Even if this ends up causing people to slack until they are 335, you’re still left with people that have 99.9999% of their life potential ahead of them, so I doubt they will fall into the late-start fallacy, and at some point smoking weed and playing video games is bound to get boring for anyone.
Thus, curing aging not only helps in the obvious ways, but it also helps by removing biases and mental blocks that are causing people to lead unauthentic lives and get radicalized into harmful movements.
It could be argued that e.g. a peaceful Vajrayana style tradition might suffice to alleviate the fear of death. Heck, it might be argued that well practice western religions could be enough, but philosophy and dialogue are traditional and well-proven cures for depression… yet it seems that people much prefer SSRIs and I don’t blame them.
For 50,000+ years people have been trying to cope with the issues stemming from their own mortality and failed. By “failed” I don’t mean “got a bit sad” but rather “Poured that fear and anger into murdering and enslaving billions of their fellow men”.
So maybe, just maybe, our current coping mechanisms are bad.
Maybe, even if most people don’t really want to live forever, or even for longer than 100 years, a cure for aging would still be nice, just as a corrective tool for our irrational death-fearing behavior.
TL;DR: Eternal youth + voluntary death = good.
I don’t think this is obvious.
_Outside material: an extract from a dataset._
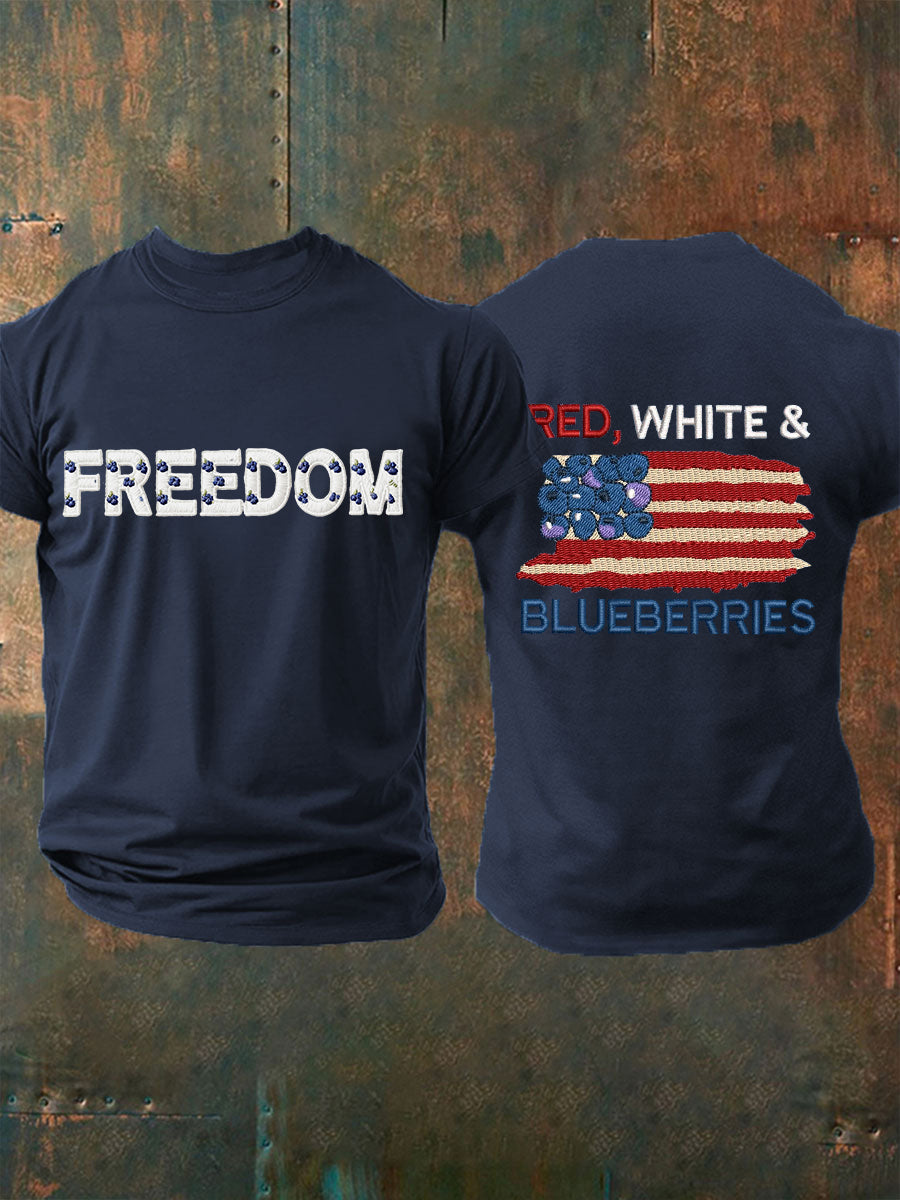 Men's 'Red White & Blueberries' T-shirt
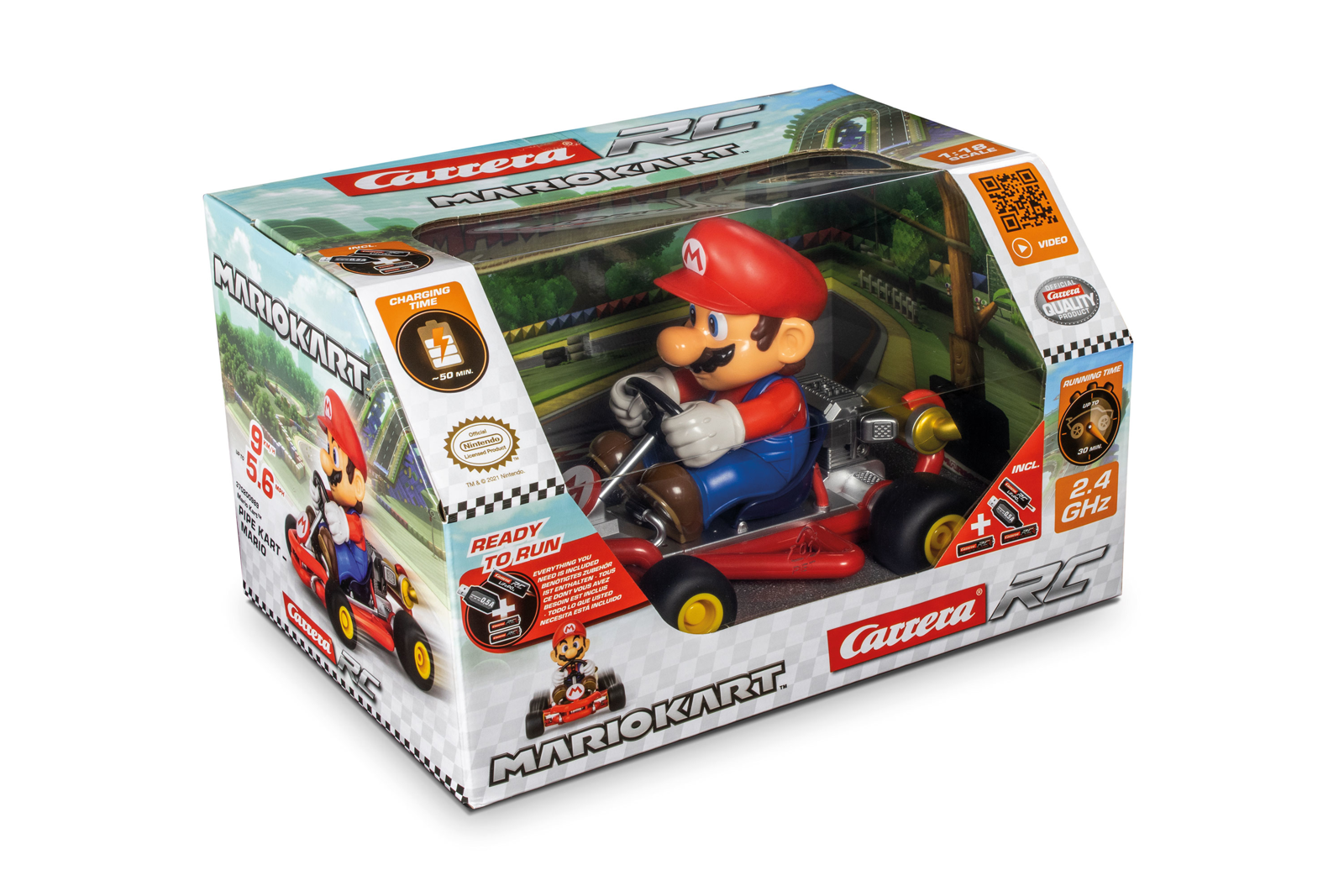 Carrera 2,4GHz Mario Kart™ Pipe Kart, Mario 1/18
My understanding is that high expected lifespan does correlate with low time preference, which I think is at least roughly what you’re talking about here. But I don’t know what the causal chain is, or how malleable time preference is in currently living people.
I mean, It’s not a claim I will defend per say, it was more “Here’s a list of arguments I’ve already heard around the issue, to give some context to where I’m placing mine”.
I think I agree with this claim, but I’m not 100% sure by any stretch and I don’t have the required sources to make a good case for it, other than my intuition which tells me it’s right, but that’s not a very good source of truth.
Let’s start with extending human life to 1000 years and observe what happens. 1000 is still a finite number.